I think the fourth idea about uncertainty and vulnerability is as common as any other. I’ve been down this road a number of times only to discover that it has left me with a shaky relationship with God at best. Each of the times I choose to take that road it is always very painful spiritually and emotionally. There was a period during one of these times that I found myself doubting God seriously because of information that someone had given me. I questioned and researched this information for about 2 years (maybe a little less). By the time I exhausted my time, energy and my relationship with my wife to all of my questioning I had digested thousands of pages of information. I found myself questioning of some previous beliefs. In the end I found the journey to be an exhausted path with nothing but endless what ifs to this information that a friend had passed on to me. But that was all there was, no facts, just endless assumption. There was only God to turn to and saw me through it and brought me back around to a point of faith and eventially my faith stronger than when I started.

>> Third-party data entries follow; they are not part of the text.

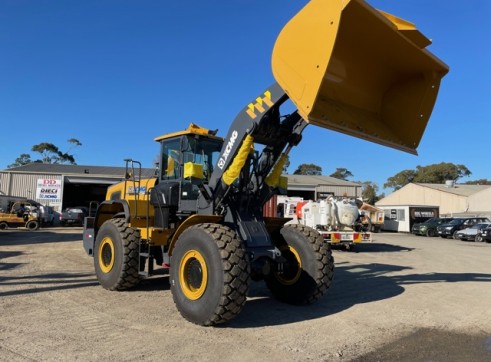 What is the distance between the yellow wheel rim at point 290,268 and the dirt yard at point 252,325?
467 mm

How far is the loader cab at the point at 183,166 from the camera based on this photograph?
7.34 meters

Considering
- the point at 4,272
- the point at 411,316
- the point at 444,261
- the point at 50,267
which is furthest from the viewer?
the point at 444,261

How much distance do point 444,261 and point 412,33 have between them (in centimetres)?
1164

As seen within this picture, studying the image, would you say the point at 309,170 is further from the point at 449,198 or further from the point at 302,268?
the point at 302,268

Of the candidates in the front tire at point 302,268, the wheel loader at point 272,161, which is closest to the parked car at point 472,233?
the front tire at point 302,268

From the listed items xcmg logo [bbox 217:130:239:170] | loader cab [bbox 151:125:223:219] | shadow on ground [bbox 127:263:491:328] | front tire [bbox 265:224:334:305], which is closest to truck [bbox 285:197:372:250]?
shadow on ground [bbox 127:263:491:328]

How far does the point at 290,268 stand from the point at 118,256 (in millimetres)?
3159

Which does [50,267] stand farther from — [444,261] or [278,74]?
[444,261]

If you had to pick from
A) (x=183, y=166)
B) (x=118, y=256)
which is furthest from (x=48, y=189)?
(x=183, y=166)

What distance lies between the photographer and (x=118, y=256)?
25.5 ft

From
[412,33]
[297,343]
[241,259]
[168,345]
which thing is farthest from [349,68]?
[168,345]

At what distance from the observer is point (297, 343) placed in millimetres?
5184

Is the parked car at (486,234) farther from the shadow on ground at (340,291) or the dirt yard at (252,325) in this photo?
the dirt yard at (252,325)

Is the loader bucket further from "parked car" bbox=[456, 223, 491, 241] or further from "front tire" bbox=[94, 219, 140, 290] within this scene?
"parked car" bbox=[456, 223, 491, 241] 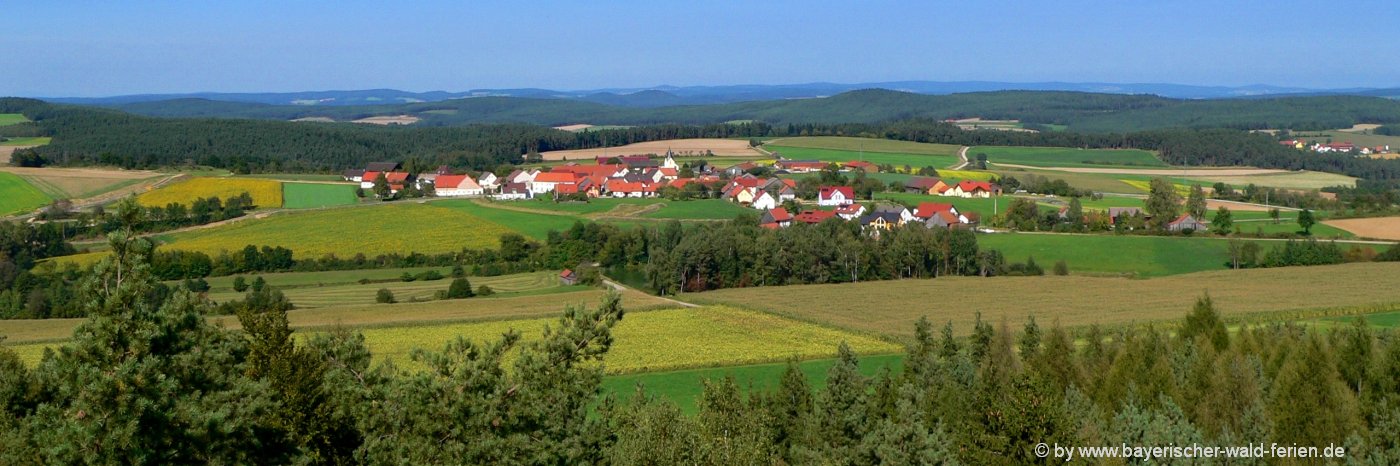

It seems to me that God stripped me of the structure of my faith down to the foundation so that He could rebuild it. In some ways I still feel like I’m recovering from that one, still reforming ideas and different understandings in many of the areas of my relationship with God. Like I said it can be a very painful path, but so far, God has helped me find my way through. I’m not sure that it is good, for some it even seems wrong, to me it just seems to be a bit different, but this process is probably very common in concept to what most Christians go through I think.

I can’t help but to feel like anything that I have gone through has done anything but strengthen my relationship with God. That statement may sound like an empty sentiment in an effort to justify, but I have been fortunate enough to be able to see and find understanding in almost everything that God has put me through to this point. I am not naive enough to think that he wont put me through more things that I am not able to see reasoning for though.

In the coming weeks I’ll be blogging about some of the things I am still processing or feel that I have come to conclusion on.